Errol Street Collective Residency

with Creative Spaces, City of Melbourne
10th - 31st March, 2023

54 Errol Street, North Melbourne

Featuring: 

Emerald Wise
D’Arcy Newberry-Dupé
Christopher Langton
Stephanie Eather
Shellie Smith
Laura Syzman
erincox and blackwd
enzyme
Warwick Perrin


This collective residency involved the visual, theatrical, and spatial occupation of 54 Errol St, that beckoned the public to crawl out of their isolation caves and reclaim the city body as part of their own. In this space the mouth and the hand became thresholds for a gustatory and somatic graffiti that softens the boundaries between the physical body, and the body of the space that surrounds us. 

Over the duration of a month (March 2023) the interdisciplinary collective of Artists, Architects, Designers, DJ’s and Makers curated and altered the space and facilitated public events. Exploring the softening of the boundaries between the physical body and city body, the installation pieces acted as a shifting topography to hold and capture event, activity and interaction between matter, bodies and space. The events held, cumulative drawing and mapping projects that capture these interactions, and the hard and light installations that occur as reactions to these events, emerge from and entangle a central table piece (Table Terrain) as the loci of activity.
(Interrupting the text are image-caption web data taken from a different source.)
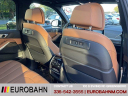 Thumbnail image of 2022 BMW X5 at EurobahnBmwMiniMercedesBenz of Greensboro, NC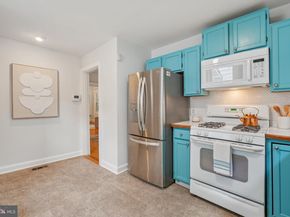 2439 Monroe Street NE, Washington DC 20018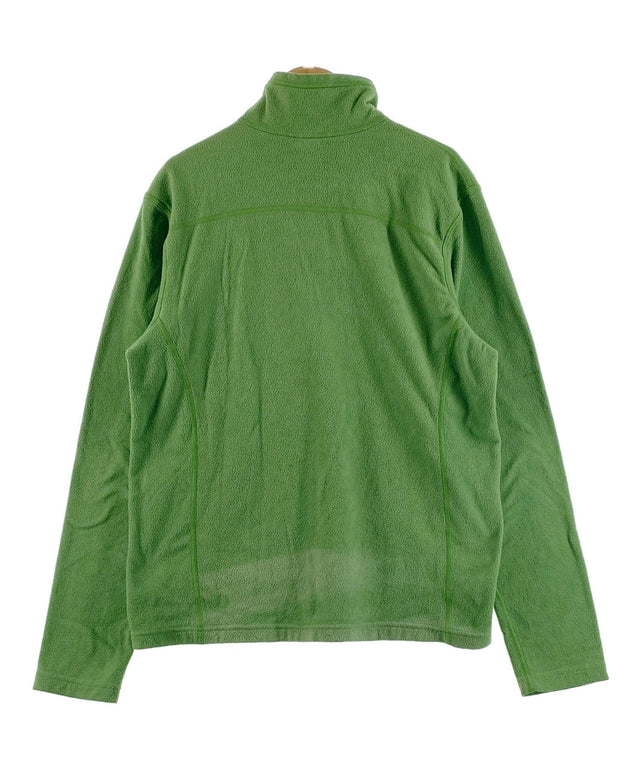 THE NORTH FACEフリース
While locked in our homes we have lost our intimate connection with the public sphere. This project invites us back out as the territorial animals we are to take a turn around the block and ‘piss on the tree’ so to speak. Rescuing our wonderous city from becoming merely abstract space and expanding our sense of self back into the greater body of the place we inhabit.
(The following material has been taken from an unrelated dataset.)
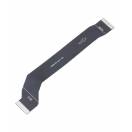 Flex Pentru Placa de Baza Xiaomi Redmi Note 11 Pro 4G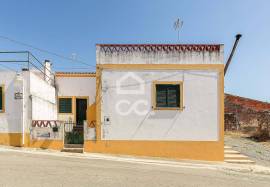 Villa Alvito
The shopfront is transformed into a stage for an ongoing performance piece that involves making, eating, altering, questioning, and yarning about the past and future of our selves and cities - perverting public space with private thoughts, the space offers a place of grieving and reclamation of the previously celebrated act of communal rituals of gathering and sharing - those activities that in recent times have gone through a transformation from wholesome to illicit, routine to taboo. So too, it offers a space to reconnect with our bodies, and those of the surrounding community. Bodies who have become sites of suspicion, resurrecting the hand and mouth as mediator between self and world, recalling them from their outcast as the zones of contagion and elicitors of disgust.

This project was completed with support from Creative Spaces, and funded by City of Melbourne.